**Aim of the exercise:** Everything in the listing below except the pictures should be reproduced exactly.
[[ Data section open ]]
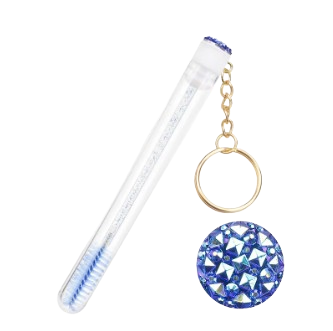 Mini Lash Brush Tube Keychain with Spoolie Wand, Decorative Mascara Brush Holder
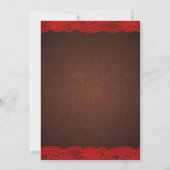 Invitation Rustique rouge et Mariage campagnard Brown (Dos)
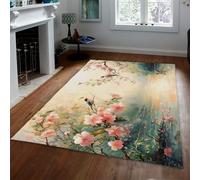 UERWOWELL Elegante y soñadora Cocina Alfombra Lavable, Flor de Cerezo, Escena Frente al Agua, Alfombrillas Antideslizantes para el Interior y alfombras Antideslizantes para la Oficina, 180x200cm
[[ Data section closed ]]
**The answer:**
 Mini Lash Brush Tube Keychain with Spoolie Wand, Decorative Mascara Brush Holder
 Invitation Rustique rouge et Mariage campagnard Brown (Dos)
 UERWOWELL Elegante y soñadora Cocina Alfombra Lavable, Flor de Cerezo, Escena Frente al Agua, Alfombrillas Antideslizantes para el Interior y alfombras Antideslizantes para la Oficina, 180x200cm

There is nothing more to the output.